◆ **Data under study**

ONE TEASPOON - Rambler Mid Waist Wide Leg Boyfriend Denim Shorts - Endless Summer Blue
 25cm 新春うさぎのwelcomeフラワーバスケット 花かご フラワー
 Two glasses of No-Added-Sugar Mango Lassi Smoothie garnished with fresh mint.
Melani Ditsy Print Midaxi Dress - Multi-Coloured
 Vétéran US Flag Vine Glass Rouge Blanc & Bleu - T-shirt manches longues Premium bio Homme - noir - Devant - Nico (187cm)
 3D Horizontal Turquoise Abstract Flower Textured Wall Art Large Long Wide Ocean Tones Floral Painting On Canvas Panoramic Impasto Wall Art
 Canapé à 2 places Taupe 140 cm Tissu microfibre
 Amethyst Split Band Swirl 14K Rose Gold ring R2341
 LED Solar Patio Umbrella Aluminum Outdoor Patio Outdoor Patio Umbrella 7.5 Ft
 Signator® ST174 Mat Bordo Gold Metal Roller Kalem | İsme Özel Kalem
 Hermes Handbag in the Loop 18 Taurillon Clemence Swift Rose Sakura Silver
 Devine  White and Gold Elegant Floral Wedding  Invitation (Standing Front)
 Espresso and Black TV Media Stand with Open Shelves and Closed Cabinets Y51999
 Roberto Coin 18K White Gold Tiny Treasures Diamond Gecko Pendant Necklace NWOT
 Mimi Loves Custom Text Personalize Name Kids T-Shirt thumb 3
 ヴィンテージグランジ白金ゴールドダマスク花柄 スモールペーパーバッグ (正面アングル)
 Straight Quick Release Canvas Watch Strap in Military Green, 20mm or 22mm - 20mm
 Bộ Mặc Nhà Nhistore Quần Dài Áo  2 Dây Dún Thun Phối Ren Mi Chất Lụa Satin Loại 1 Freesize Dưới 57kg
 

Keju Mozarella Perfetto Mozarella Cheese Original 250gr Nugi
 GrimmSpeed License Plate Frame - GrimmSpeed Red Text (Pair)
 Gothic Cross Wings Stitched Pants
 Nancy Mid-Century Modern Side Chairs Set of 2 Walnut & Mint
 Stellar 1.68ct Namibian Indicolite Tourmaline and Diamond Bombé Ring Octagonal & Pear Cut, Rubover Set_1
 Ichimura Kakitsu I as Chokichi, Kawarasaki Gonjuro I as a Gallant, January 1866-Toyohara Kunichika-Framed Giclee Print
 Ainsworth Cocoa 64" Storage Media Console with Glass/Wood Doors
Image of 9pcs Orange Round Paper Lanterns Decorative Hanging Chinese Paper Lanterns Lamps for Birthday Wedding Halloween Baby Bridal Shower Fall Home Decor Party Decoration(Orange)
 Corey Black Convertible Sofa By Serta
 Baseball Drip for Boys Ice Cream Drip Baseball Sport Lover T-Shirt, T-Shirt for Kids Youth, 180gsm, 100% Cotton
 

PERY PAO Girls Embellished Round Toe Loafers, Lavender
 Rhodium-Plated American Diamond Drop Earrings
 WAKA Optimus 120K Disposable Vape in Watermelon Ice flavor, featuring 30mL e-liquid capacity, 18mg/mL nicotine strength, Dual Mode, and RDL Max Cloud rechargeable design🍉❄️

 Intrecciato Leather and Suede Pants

◆ **Work item**
Produce a verbatim copy of the lines from the one holding "WAKA Optimus 120K" to the final line of the data, and nothing more.

◆ **Exercise output**
 WAKA Optimus 120K Disposable Vape in Watermelon Ice flavor, featuring 30mL e-liquid capacity, 18mg/mL nicotine strength, Dual Mode, and RDL Max Cloud rechargeable design🍉❄️

 Intrecciato Leather and Suede Pants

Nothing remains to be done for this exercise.